Narrato con un susseguirsi di emozioni che ne fanno una preziosa raccolta di osservazioni per viaggiatori romantici, quello di Nicola Lo Re è un libro che ne rivela le eccellenti doti descrittive tanto da far leggere tutto d’un fiato le sue oltre duecento pagine.

Nato a Martina Franca, in Puglia, nel Settembre 1936, Nicola iniziò a viaggiare da giovane prima in moto e poi dietro al volante di Hanomag e OM ACL51 motorizzati Leoncino e Tigrotto. Il suo “vagabondare” lo ha accompagnato in terra d’Africa (oltre che in Medio Oriente ) con una Land Rover 110 equipaggiata per affrontare i grandi raid sino ai più recenti TD4 e TD5 con cellula Modulidea.

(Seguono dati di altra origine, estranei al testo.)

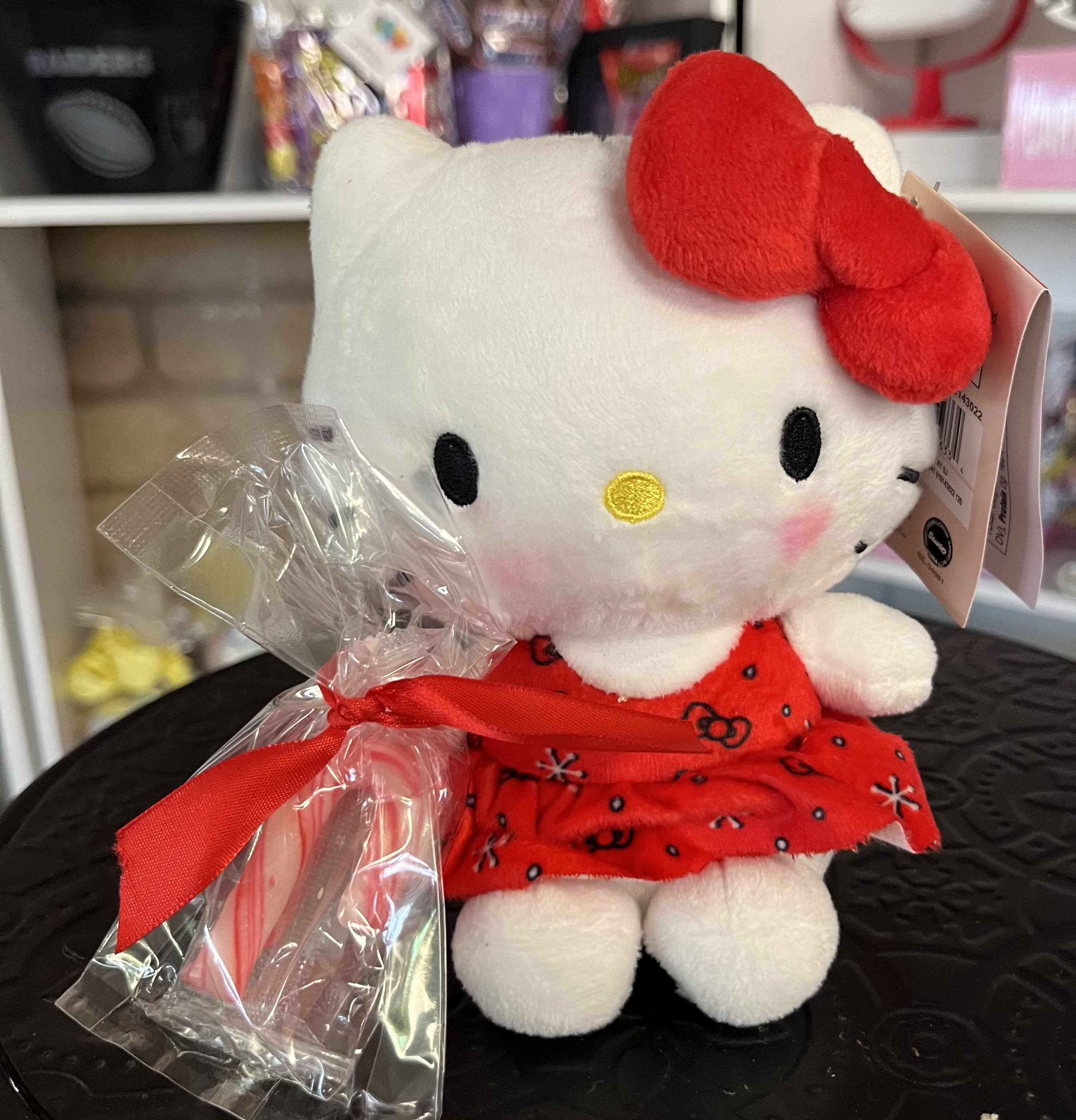 Hello Kitty plush toy in a red dress with a candy cane and ribbon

“Ho avuto la fortuna di viaggiare quando non era follia attraversare l’Algeria, spingersi nel grande Sahara fino al deserto del Ténéré in Niger o avventurarsi nell’Africa dal golfo di Guinea al Sudan – ci aveva raccontato Nicola – e ancora quando si poteva andare tranquillamente in Mali sulla Route de l’Espoir senza il rischio di trasformare il senso vagamente romantico di questa strada nella speranza di non incorrere in incontri incresciosi. Avevo 15 anni quando un film di avventura (n.d.r. Gunga Din) permeato dagli entusiasmi di epopee coloniali vissute come trionfo e con soldati legionari sopravvissuti nel deserto a attacchi beduini infiammarono la mia fantasia spingendomi a conoscere la parte d’Africa che mi era più congeniale, sempre con i libri da me preferiti scritti dai grandi viaggiatori antichi e moderni. A vent’anni iniziai a frequentare il mondo conoscendo luoghi e gente, culture e umanità, povertà e sorrisi in sintonia con il mio stile di viaggio e interessi nella costante attrazione per la grandiosità naturale dei paesaggi”.

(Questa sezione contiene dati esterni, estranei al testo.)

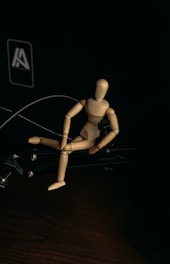 brown wooden human figure on black surface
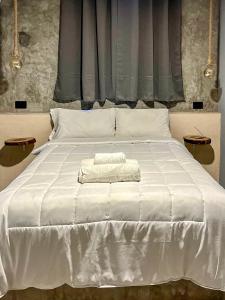 Voodi või voodid majutusasutuse Ariché Valladolid Hotel & Hostal toas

Africando, manuale per appassionati d’avventura (edito da Nuova Editrice Apulia), Nicola lo aveva scritto con il cuore: “A dire la verità ho spesso ricacciato l’idea di annotare da qualche parte ricordi del mio passato da viaggiatore. M’imponevo di lasciar perdere ma alla fine ho ceduto mettendo in ordine qualche ricordo fra i tanti annotati”.

Attratto da marketing e pubblicità, settore in cui lavorò per una trentina d’anni approdando alla Moulinex nel ruolo di direttore commerciale (sue sono state le progettazioni industriali di famosi prodotti brevettati come Gratì e Passì), la sua vera vocazione è però sempre stata quella di viaggiatore a cui ha potuto dedicarsi completamente negli anni della maturità.

“Tante volte nei miei viaggi le parole non sono servite. Come quel giorno poco prima di Djanet, in Algeria, dove mi ero fermato stendendo sulla sabbia la mia carta Michelin. L’anziano tuareg che avevo di fronte non capiva cosa fosse quella stampa colorata e stentava anche a comprendere il mio problema: avevo pronunciato diverse volte il nome del villaggio con accenti diversi fino a quando lui comprese. Immaginavo la direzione di Djanet ma in quel punto le tracce sulla pista si aprivano a ventaglio. Lui tracciò dei segni sulla sabbia più chiari di una carta geografica e mi indicò un masso vicino alla sua capanna. Capii che sarebbe arrivato il the del benvenuto. Ricordo ancora il suo sorriso….” – amava ricordare Nicola.

Aneddoti di viaggio in un libro di vita che rivela la profonda passione per il deserto descritto con una sensibilità difficile da trovare al giorno d’oggi. Dalle avventure giovanili con i figli Antonio e Paolo (a cui non poteva che andare una dedica d’amore in apertura di libro) girovagando fra Algeria, Libia e Anatolia ai viaggi degli ultimi vent’anni lungo altre rotte africane, a volte vissuti con qualche disavventura ma sempre con entusiasmo e sottile ironia.